Goede middag, Een meisje breekt haar spaarpotje open waarin wat euro's waren opgeslagen. Zij legt het geld op stapeltjes en voorziet voor het eerste stapeltje 4 muntjes en de 17 stapeltjes in totaal leveren 340 muntjes op.
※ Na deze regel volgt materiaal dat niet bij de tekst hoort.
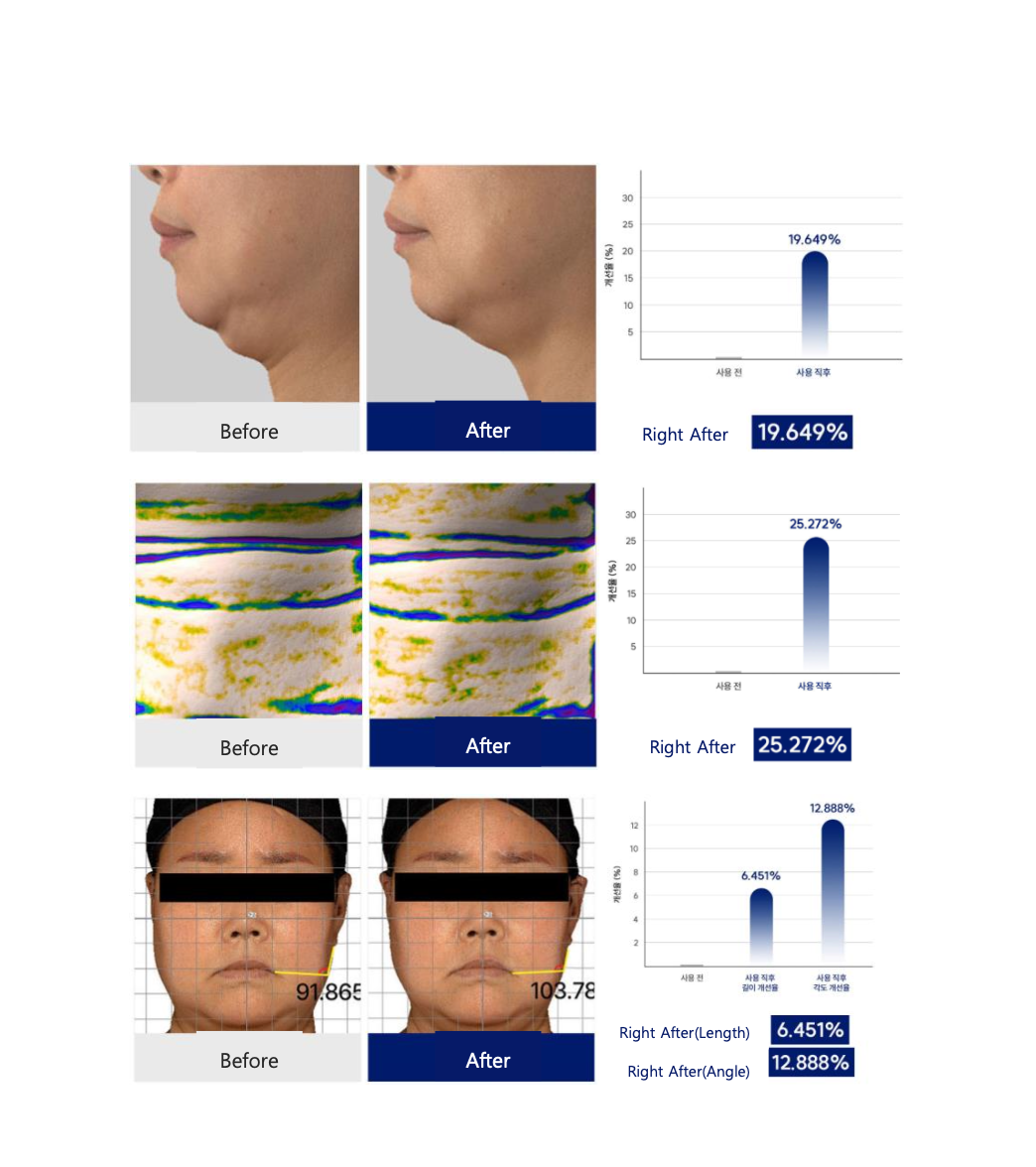 ID PLACOSMETIC Face Fit Minus Band V3 pleistras žandikaulio linijai - Image 3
Hoeveel liggen er op de voorlaatste stapel.?? De stapeltjes liggen volgens een rekenkundige rij U(n)= u(1) +(n-1)v S(n)= (t(1)+t(n))/2 t(1)=1 en de laatste stapel is de 17 de Oplossing van mij t(1)=4 t(n)= 4+(n-1)v Met 17 stapeltjes hebben we dan: t(n) =4+16v S(n): 340= (8+16v)/2 680=8+16v Dit levert v=672/16 v=42 Er loop dit duidelijk iets mis Wat hulp is steeds welkom ! Oplossing =34 muntjes in voorlaatste stapeltje . Groetjes Rik
Rik Le
Iets anders - vrijdag 23 oktober 2020
Antwoord
Het lijkt me dat je een factor $n$ mist in $S(n)$, je moet $$S(n)=\frac n2(t_1+t_n) $$hebben, toch?